Short text fragments from websites:
──────────────────────────────

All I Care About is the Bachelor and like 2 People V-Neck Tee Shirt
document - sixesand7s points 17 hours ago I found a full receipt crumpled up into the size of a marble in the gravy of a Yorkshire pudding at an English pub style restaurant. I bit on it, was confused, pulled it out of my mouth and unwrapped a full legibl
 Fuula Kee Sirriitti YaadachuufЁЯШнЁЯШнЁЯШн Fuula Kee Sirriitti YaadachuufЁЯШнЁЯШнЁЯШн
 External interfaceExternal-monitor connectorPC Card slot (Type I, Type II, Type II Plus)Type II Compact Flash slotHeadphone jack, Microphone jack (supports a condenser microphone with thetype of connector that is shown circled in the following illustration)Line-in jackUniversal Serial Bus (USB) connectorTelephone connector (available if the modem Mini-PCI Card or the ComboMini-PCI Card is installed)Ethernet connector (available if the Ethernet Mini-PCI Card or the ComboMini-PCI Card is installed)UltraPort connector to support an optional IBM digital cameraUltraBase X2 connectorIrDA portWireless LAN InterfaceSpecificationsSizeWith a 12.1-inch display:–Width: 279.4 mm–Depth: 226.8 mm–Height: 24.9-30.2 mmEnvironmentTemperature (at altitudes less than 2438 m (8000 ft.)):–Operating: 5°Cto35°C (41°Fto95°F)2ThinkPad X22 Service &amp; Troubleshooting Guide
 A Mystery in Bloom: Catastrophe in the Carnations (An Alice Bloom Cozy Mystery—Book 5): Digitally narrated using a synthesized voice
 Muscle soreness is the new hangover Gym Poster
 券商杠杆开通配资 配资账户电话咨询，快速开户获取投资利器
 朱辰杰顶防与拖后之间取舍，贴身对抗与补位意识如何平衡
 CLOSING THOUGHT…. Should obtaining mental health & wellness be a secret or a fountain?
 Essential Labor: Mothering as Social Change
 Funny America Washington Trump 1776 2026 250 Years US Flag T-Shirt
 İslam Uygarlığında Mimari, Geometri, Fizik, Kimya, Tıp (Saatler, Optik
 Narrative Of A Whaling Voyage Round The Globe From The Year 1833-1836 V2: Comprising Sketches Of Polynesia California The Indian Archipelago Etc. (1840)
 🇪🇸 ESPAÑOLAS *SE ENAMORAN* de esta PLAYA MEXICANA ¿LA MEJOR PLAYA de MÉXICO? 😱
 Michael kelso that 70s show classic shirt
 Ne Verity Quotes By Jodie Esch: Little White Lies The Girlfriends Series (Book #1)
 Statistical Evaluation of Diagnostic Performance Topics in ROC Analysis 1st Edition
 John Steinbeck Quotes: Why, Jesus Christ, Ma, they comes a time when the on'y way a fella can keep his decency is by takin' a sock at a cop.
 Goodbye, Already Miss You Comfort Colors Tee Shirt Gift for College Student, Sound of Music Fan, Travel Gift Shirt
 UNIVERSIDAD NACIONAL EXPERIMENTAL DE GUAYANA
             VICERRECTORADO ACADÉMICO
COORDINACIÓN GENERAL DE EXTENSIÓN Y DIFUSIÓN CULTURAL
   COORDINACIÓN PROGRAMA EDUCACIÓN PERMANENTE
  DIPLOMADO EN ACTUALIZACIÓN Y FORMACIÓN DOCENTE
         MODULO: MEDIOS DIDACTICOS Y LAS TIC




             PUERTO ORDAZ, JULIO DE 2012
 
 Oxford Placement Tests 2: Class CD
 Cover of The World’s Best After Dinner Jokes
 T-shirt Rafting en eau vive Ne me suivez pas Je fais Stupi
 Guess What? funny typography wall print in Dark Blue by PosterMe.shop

──────────────────────────────

- _EXERCISE OBJECTIVE_
Look back at the entries above. Retype the line with "External interfaceExternal-monitor connectorPC", the line with "Funny America Washington", and all lines in between.

- _YOUR SOLUTION_
 External interfaceExternal-monitor connectorPC Card slot (Type I, Type II, Type II Plus)Type II Compact Flash slotHeadphone jack, Microphone jack (supports a condenser microphone with thetype of connector that is shown circled in the following illustration)Line-in jackUniversal Serial Bus (USB) connectorTelephone connector (available if the modem Mini-PCI Card or the ComboMini-PCI Card is installed)Ethernet connector (available if the Ethernet Mini-PCI Card or the ComboMini-PCI Card is installed)UltraPort connector to support an optional IBM digital cameraUltraBase X2 connectorIrDA portWireless LAN InterfaceSpecificationsSizeWith a 12.1-inch display:–Width: 279.4 mm–Depth: 226.8 mm–Height: 24.9-30.2 mmEnvironmentTemperature (at altitudes less than 2438 m (8000 ft.)):–Operating: 5°Cto35°C (41°Fto95°F)2ThinkPad X22 Service &amp; Troubleshooting Guide
 A Mystery in Bloom: Catastrophe in the Carnations (An Alice Bloom Cozy Mystery—Book 5): Digitally narrated using a synthesized voice
 Muscle soreness is the new hangover Gym Poster
 券商杠杆开通配资 配资账户电话咨询，快速开户获取投资利器
 朱辰杰顶防与拖后之间取舍，贴身对抗与补位意识如何平衡
 CLOSING THOUGHT…. Should obtaining mental health & wellness be a secret or a fountain?
 Essential Labor: Mothering as Social Change
 Funny America Washington Trump 1776 2026 250 Years US Flag T-Shirt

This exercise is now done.